▸ **STORED DATA**:
——

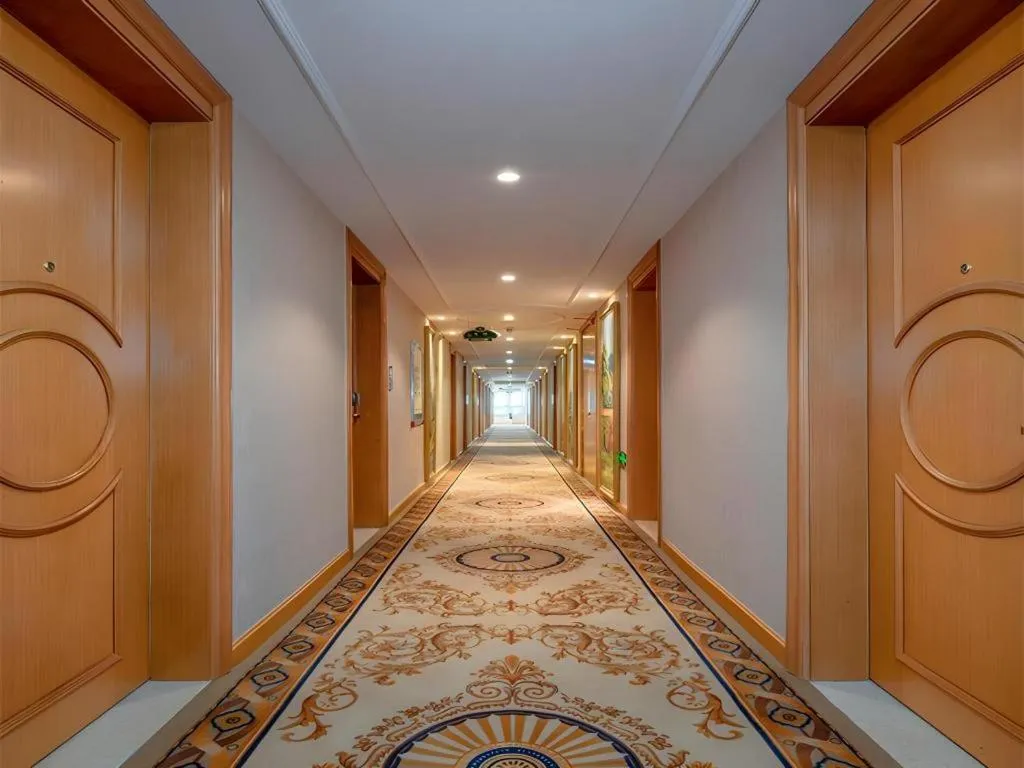 Vienna Hotel Zhengzhou Only Henan Movie Town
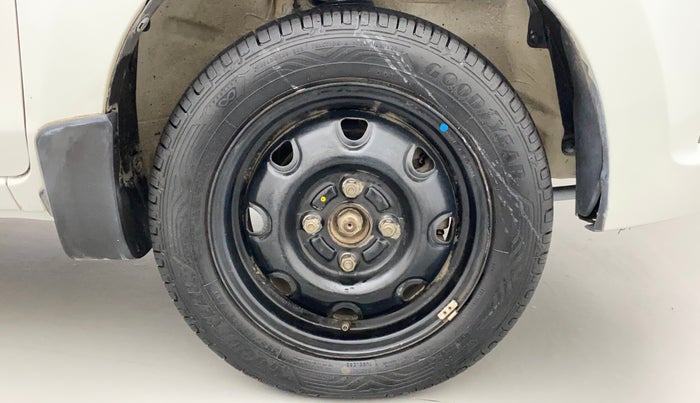 2015 Maruti Alto K10 VXI, CNG, Manual, 49,477 km, Right Front Wheel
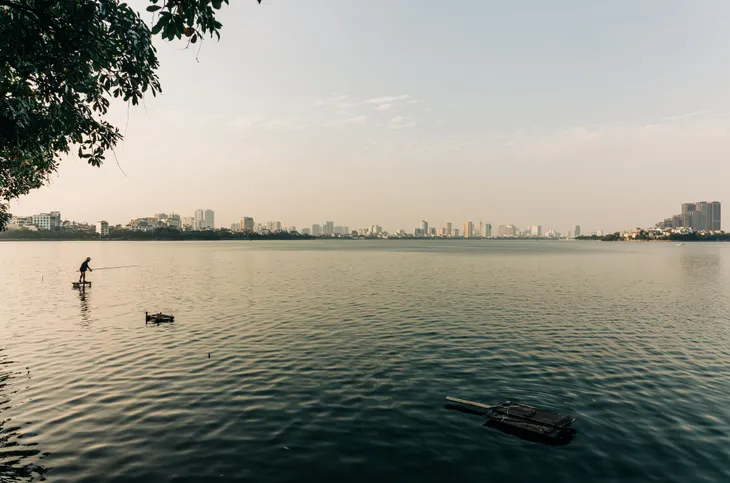 Khoảnh khắc hoàng hôn Hồ Tây, vẻ đẹp bình yên giữa lòng Hà Nội - Ảnh 3.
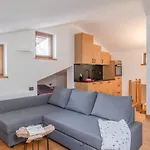 Nest-home In Front To Mont Blanc * Курмайор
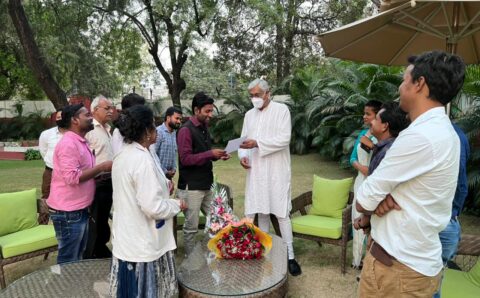 स्वास्थ्य संयोजक की हड़ताल स्थगित, मंत्री सिंहदेव से मुलाकात कर जताया आभार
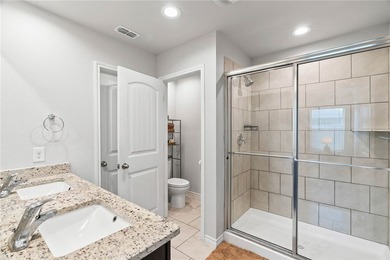 Welcome to easy living at 7629 Shadow Rider Lane! This - photo 11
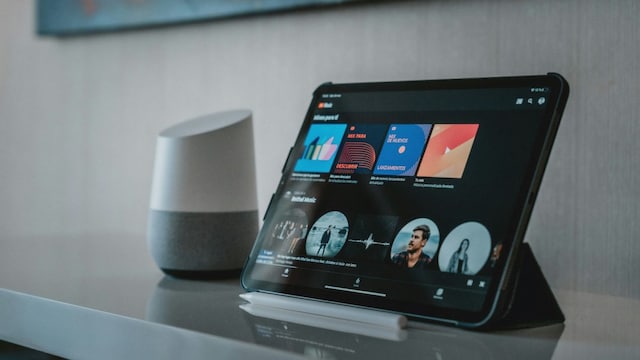 Now you can resume track between devices like Spotify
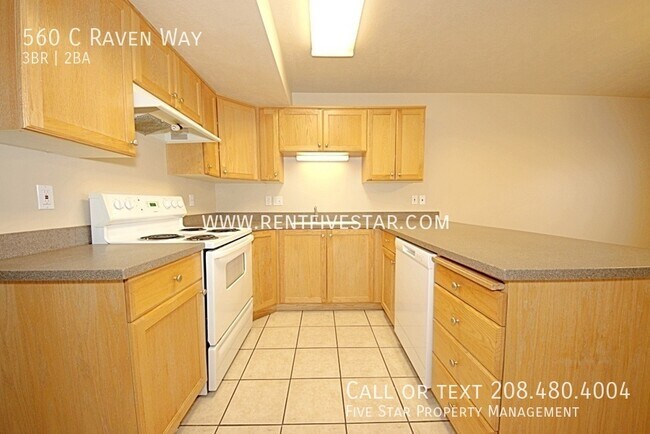 Building Photo - 560 Raven Way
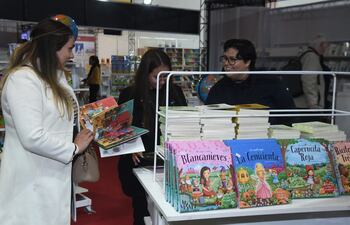 La FIL Asunción se extiende hasta este domingo con atractivas ofertas y novedades editoriales.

——

▸ **WHAT IS NEEDED**: Transcribe exactly, and only, the lines from the one with "Welcome to easy" through the final line of the data above. The pictures stay out.

▸ **ANSWER SECTION**:
 Welcome to easy living at 7629 Shadow Rider Lane! This - photo 11
 Now you can resume track between devices like Spotify
 Building Photo - 560 Raven Way
 La FIL Asunción se extiende hasta este domingo con atractivas ofertas y novedades editoriales.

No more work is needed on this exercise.